Representatives of various institutions in Jamaica are currently participating in a workshop that aims to improve their financial literacy in complex Energy Service Company (ESCo) projects.
Public, financial and private institutions are represented at the three-day workshop which began on Monday morning at the Jamaica Pegasus Hotel.
The workshop is being convened by the CARICOM Secretariat with the joint support from the Deutsche Gesellschaft für Internationale Zusammenarbeit (GIZ) through Renewable Energy and Energy Efficiency Technical Assistance (REETA) Programme (GIZ-REETA); USAID Caribbean Clean Energy Programme (CARCEP); United Nations Environmental Programme – Global Environment Facility (UNEP GEF); and Build Better Jamaica and National Housing Trust.
The transition to a mix of energy systems from regional electricity grids that are based solely on fossil fuels requires major strategic financing, according to bankers and energy officials.
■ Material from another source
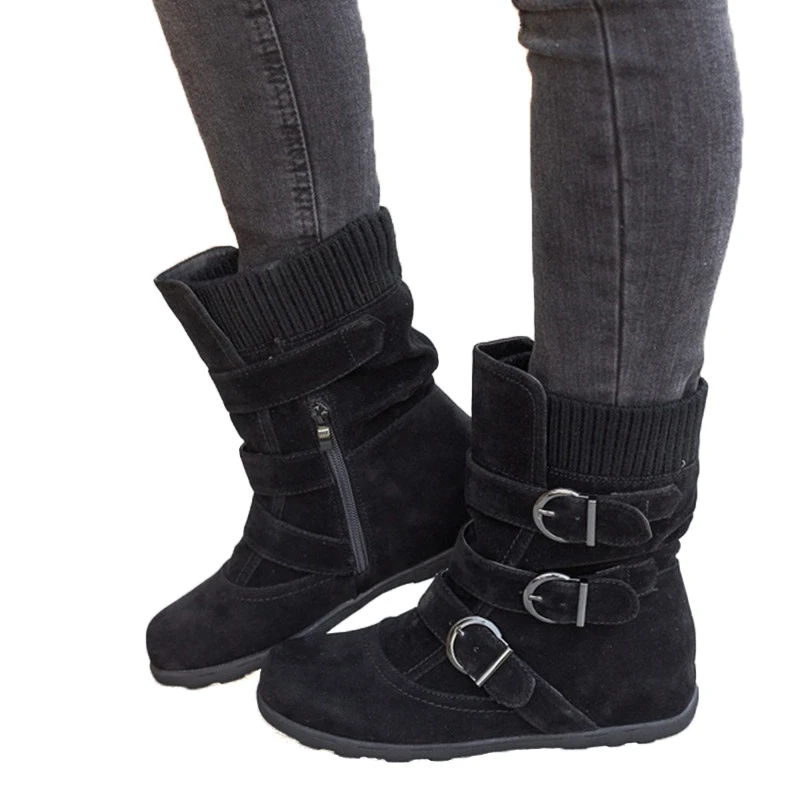 

Women Ankle Boots Winter Scrub Buckle Warm Fur Shoes Woman Booties 2018 Woman Snow Boots Fashion Luxury Shoes Women Designers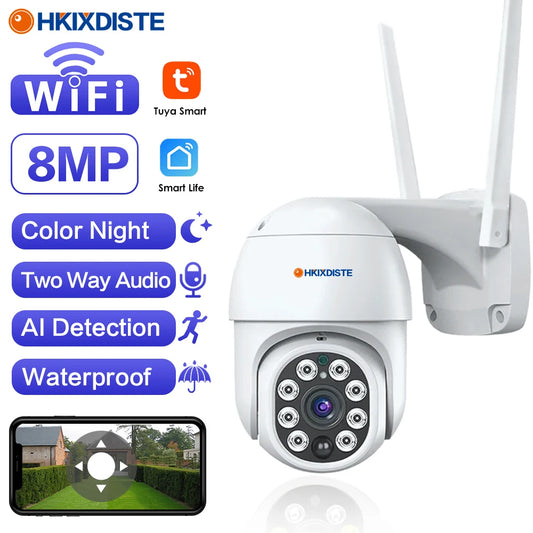 Smart Life 4K Full Color Night Vision IP PTZ Camera WiFi Tuya Wireless Security Surveillance Camera Auto Tracking CCTV Cam 8MP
Finance was as a key topic of discussion at the Fifth Caribbean Sustainable Energy Forum (CSEF V) held in The Bahamas in 23-25 January, 2017, under the theme ‘Future Energy 2027’, with key figures calling for appropriate means of funding energy transition.
One of the main objectives of the Forum was to propose actions to support the ability of Member States to attract the right type of capital that is capable of delivering sufficient financing for sustainable energy deployment. During one of the panel discussions on the final day of the energy forum, participants explored the structure and level of funding, and the kinds of partnerships required to move energy transition along. There was a clear call for more private sector involvement and for a special component at the next Energy Forum that would focus on engagement with the business community to shape the culture that has to evolve to attract investment.
Financial viability, technical assistance and capacity-building, transparent procurement systems and absorptive capacity, were among the matters that participants felt were critical to attracting the kind of investment in energy in the Region. (more…)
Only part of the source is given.